I have a data frame that I want to apply smote to but I wish to only use a subset of the columns. The other columns contain additional data for each sample and I want each new sample to contain the original info as well

[Answer]

There is no way to do that apart of extracting the column in a new matrix and process it with SMOTE. Even if you generate a new samples you have to decide what to put as values there so I don't see how such feature can be added

Answering from a modelling perspective, this is not a good idea and, even if you could find a programming workaround, you should not attempt it - and arguably, this is the reason why the developer of imbalanced-learn above was dismissive even in the thought of adding such a feature in the SMOTE implementation.

Why is that? Well, synthetic oversampling algorithms, like SMOTE, essentially use some variant of a k-nn approach in order to create artificial samples "between" the existing ones. Given this approach, it goes without saying that, in order for these artificial samples to be indeed "between" the real ones (in a k-nn sense), all the existing (numerical) features must be taken into account.

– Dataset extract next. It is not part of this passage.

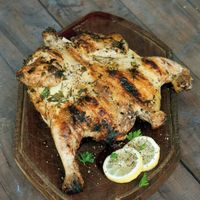 Poulet crapaudine &agrave; la moutarde & La Clape Coteaux du Languedoc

If, by employing some programming alchemy, you manage at the end to produce new SMOTE samples based only on a subset of your features, putting the unused features back in will destroy any notion of proximity and "betweenness" of these artificial samples to the real ones, thus compromising the whole enterprise by inserting a huge bias in your training set.

In short:

  • If you think your Month and year are indeed useful features, just include them in SMOTE; you may get some nonsensical artificial samples, but this should not be considered a (big) problem for the purpose here.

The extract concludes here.